From the first line to the last, restate the material word for word; pictures stay out.

^^^^^^^^

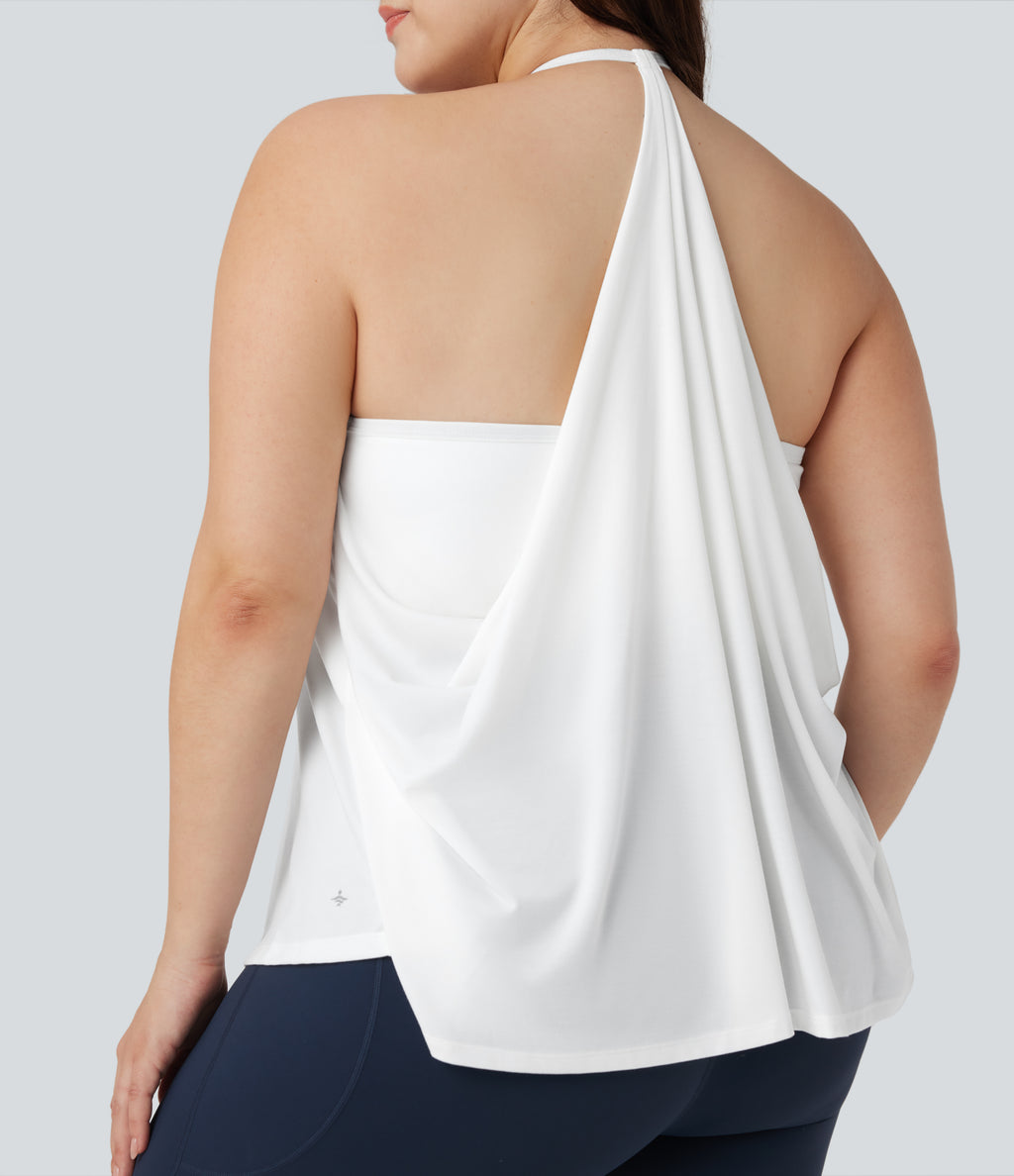 Plus Size Airy Halter Draped InstantCool Yoga Sports Top — White — view 5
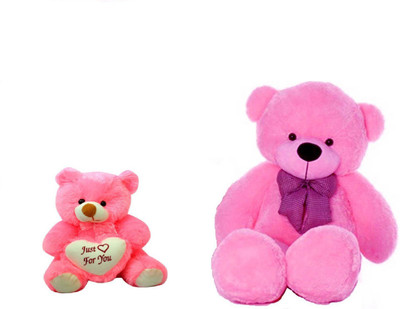

Arvel 87.5 cm pink valentine special teddy bear/lovely 18 cm teddy combo pack of two /high quality /soft teddy /hug able teddy bear - 87.5 cm(Pink)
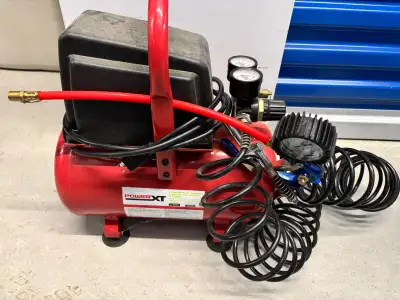 2 Gallon Oil Free Compressor. Works perfect, with regulator. Included coiled air hose, blow gun and...
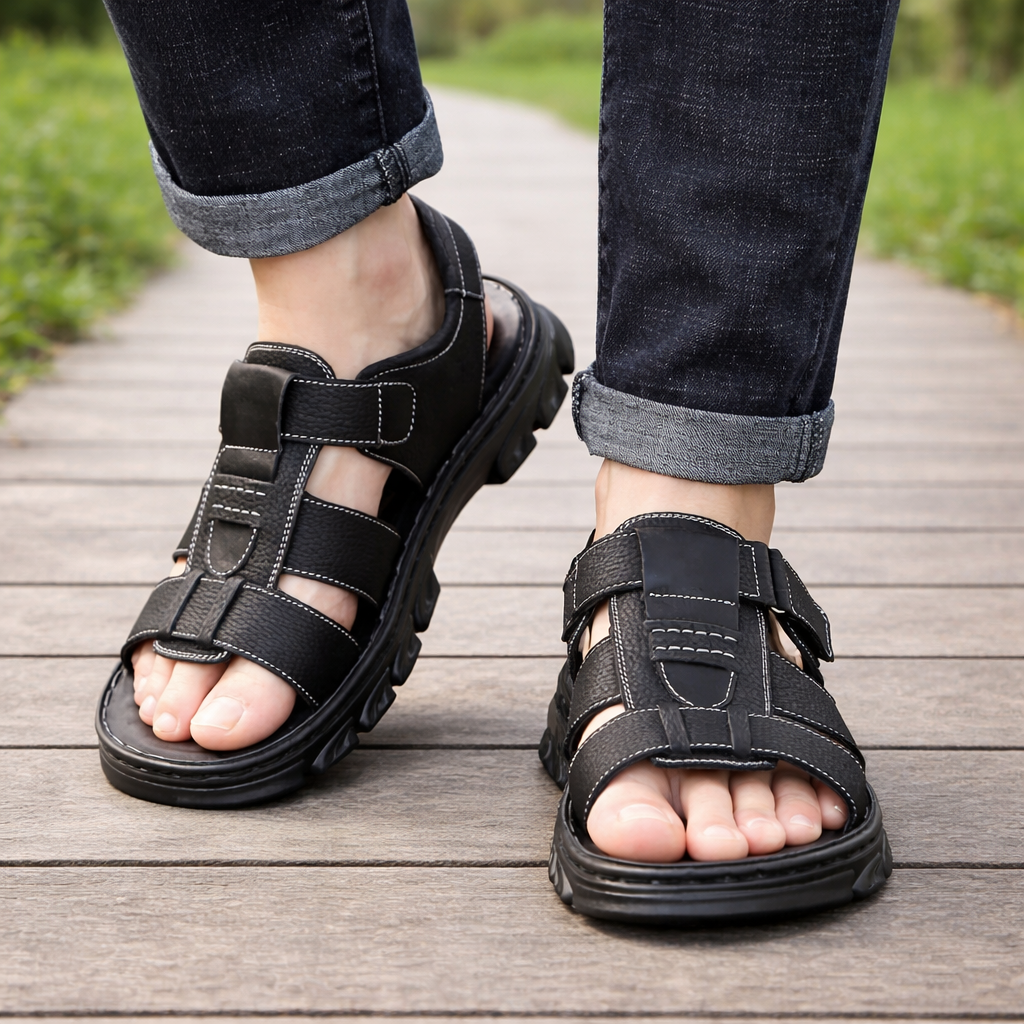 Davio heren sandalen met orthopedische massagezool en voetboogondersteuning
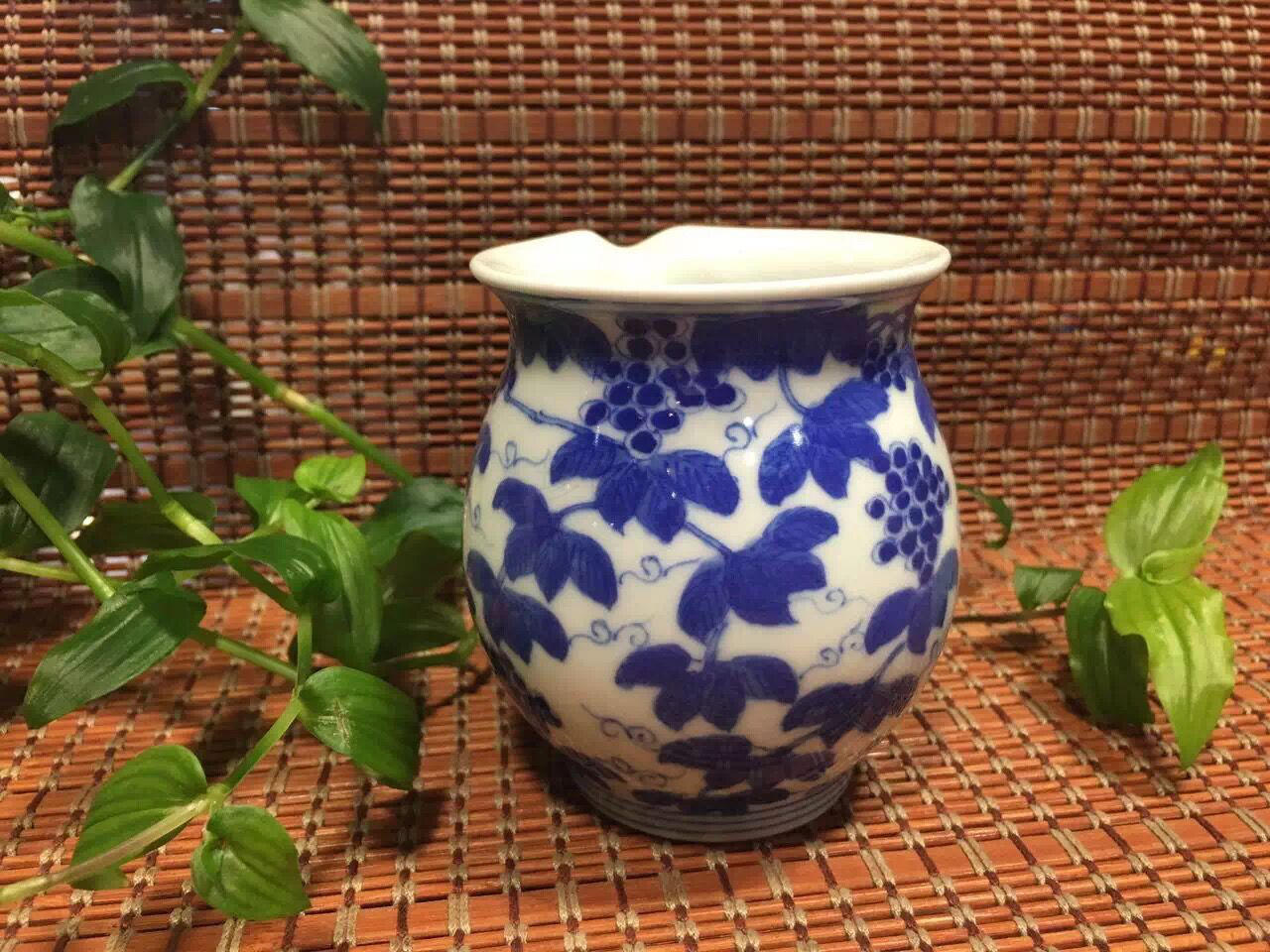 老贵和祥茶具 热销青花葡萄公道杯 分茶器景德镇老款作品品牌特卖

^^^^^^^^

• Response to the exercise:
 Plus Size Airy Halter Draped InstantCool Yoga Sports Top — White — view 5

Arvel 87.5 cm pink valentine special teddy bear/lovely 18 cm teddy combo pack of two /high quality /soft teddy /hug able teddy bear - 87.5 cm(Pink)
 2 Gallon Oil Free Compressor. Works perfect, with regulator. Included coiled air hose, blow gun and...
 Davio heren sandalen met orthopedische massagezool en voetboogondersteuning
 老贵和祥茶具 热销青花葡萄公道杯 分茶器景德镇老款作品品牌特卖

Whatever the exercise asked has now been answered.